Seth Stephens-Davidowitz is a former Google data scientist and self-confessed data nerd. His research uses big-data sources to uncover hidden behaviours and attitudes, and answer questions like how to have a successful relationship, what makes us happiest and how start a successful business.
Not surprisingly – given its title – Don’t Trust Your Gut shows how our gut isn’t that reliable when it comes to taking big decisions.
On starting a business he debunks the myth that most successful tech businesses are started by 19 year old college drop-outs. When it comes to age, the entrepreneurs we read about aren’t representative. It turns out that the most successful business founders are in their early 40s and have honed their skills in a corporate career before going it alone.

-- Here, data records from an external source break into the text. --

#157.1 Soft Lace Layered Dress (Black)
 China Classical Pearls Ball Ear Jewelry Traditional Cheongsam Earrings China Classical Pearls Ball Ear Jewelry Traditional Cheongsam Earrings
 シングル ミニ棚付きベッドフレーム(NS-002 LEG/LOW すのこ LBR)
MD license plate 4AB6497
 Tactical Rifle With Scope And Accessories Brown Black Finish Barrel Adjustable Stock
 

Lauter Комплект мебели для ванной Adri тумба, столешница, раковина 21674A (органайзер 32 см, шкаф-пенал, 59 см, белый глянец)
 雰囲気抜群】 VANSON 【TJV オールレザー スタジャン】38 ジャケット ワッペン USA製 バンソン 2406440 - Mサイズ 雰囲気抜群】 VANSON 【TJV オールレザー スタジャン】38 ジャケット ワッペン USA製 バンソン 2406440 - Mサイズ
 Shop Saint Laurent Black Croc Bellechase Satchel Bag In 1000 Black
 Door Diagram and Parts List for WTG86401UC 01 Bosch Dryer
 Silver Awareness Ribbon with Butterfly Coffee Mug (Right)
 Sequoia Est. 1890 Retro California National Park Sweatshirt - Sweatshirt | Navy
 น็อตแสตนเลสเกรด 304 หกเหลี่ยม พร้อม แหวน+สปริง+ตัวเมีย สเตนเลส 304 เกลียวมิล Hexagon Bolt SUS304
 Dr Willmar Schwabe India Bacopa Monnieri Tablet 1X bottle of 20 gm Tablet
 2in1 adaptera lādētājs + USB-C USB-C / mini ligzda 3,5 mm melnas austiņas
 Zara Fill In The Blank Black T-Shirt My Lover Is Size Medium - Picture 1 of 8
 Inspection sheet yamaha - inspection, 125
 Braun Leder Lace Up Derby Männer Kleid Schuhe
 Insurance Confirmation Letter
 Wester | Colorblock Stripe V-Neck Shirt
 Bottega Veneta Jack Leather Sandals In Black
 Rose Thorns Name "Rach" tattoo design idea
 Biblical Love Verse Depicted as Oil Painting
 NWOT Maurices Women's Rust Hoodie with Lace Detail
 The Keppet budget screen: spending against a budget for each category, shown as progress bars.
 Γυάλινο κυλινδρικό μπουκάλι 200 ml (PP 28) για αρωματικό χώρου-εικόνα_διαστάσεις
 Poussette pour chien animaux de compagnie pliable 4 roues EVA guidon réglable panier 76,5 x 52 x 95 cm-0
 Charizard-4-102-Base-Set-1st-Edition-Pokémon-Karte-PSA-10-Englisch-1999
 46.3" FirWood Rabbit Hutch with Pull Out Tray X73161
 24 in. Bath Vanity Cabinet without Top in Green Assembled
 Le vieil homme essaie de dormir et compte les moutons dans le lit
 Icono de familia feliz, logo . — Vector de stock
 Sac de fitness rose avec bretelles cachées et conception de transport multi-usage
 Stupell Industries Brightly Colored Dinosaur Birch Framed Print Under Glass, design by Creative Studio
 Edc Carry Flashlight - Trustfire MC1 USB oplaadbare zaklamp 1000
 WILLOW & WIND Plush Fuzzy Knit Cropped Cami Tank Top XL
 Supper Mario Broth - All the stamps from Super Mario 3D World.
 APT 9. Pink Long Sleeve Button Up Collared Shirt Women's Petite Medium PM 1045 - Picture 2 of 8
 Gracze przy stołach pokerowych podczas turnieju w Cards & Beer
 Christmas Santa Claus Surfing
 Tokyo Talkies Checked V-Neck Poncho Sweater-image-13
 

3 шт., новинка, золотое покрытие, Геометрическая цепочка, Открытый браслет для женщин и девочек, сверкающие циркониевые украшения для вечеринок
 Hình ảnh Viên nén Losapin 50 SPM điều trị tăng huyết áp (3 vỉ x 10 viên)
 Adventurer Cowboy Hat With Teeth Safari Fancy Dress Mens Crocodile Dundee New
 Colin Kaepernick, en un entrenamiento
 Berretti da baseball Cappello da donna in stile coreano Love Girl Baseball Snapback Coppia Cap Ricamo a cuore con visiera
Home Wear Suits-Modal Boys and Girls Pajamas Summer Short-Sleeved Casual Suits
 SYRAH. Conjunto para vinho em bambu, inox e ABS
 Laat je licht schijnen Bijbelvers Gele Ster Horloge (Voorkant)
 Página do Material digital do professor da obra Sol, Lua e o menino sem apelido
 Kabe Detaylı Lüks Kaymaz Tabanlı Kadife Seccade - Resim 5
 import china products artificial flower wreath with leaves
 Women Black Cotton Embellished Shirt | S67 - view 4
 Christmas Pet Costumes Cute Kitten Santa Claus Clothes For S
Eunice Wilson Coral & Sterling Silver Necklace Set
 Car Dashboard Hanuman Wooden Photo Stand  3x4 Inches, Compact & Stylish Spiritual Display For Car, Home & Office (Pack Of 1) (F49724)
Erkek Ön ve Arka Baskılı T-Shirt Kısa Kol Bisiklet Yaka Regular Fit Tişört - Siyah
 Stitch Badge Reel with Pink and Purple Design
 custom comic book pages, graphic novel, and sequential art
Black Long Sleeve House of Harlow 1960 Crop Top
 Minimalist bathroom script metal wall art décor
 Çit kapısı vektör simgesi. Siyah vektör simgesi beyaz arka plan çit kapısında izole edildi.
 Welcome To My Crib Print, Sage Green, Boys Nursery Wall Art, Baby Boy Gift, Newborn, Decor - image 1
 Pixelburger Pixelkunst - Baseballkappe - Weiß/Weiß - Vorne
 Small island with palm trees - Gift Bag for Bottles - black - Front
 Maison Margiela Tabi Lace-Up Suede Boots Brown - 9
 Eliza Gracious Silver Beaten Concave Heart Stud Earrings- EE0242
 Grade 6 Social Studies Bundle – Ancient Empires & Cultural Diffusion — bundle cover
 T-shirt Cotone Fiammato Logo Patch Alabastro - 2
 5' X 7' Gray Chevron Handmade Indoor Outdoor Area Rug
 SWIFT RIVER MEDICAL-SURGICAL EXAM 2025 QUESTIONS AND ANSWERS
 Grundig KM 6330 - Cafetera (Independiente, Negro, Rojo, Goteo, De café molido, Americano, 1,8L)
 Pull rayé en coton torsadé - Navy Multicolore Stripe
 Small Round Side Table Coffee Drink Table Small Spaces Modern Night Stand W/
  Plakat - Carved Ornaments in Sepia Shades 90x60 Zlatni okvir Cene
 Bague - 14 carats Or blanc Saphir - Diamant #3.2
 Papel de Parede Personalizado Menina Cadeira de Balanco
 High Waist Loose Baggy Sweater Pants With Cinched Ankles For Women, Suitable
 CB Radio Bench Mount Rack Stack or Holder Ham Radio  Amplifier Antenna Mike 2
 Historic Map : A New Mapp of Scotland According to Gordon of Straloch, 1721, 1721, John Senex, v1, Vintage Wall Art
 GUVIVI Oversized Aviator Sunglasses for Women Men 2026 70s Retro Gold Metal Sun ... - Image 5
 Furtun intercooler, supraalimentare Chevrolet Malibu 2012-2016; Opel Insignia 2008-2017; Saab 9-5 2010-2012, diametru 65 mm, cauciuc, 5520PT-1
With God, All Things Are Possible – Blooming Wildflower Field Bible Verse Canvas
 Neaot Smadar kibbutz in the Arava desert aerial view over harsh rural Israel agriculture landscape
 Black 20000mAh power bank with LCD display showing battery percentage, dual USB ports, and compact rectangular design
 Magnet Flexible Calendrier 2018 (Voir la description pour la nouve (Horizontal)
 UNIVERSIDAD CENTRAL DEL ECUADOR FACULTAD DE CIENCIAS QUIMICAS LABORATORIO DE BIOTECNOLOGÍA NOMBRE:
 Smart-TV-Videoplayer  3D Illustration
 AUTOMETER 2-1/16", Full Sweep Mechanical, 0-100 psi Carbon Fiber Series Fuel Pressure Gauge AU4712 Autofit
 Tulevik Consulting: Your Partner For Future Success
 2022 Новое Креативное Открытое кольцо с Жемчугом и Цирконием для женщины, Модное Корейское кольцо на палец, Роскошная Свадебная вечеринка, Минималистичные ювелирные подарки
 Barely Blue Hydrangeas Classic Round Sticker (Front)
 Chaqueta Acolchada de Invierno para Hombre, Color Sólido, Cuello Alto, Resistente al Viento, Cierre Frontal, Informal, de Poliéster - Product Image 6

Nor does luck play as big a part in business success as the media would have us believe. Using data from Collins and Hansen’s book Good to Great, Stephens-Davidowitz reveals that there is no statistically significant difference in the number of lucky breaks received by the most and least successful businesses. The actual difference, he says, is that the more successful companies were better able to capitalise on the luck they got. They recognised an opportunity that occurred outside of their control and made the most of it.
The chapters on what makes us happy – and miserable – based on millions of happiness measures are particularly revealing. Work (generally) sucks and makes us miserable, and sex makes us happiest of all particularly if its overlooking a body of water on a sunny day!
Don’t Trust Your Gut is full of fascinating stories which reveal how wrong we often are when we take decisions based on what we think we know rather than the data.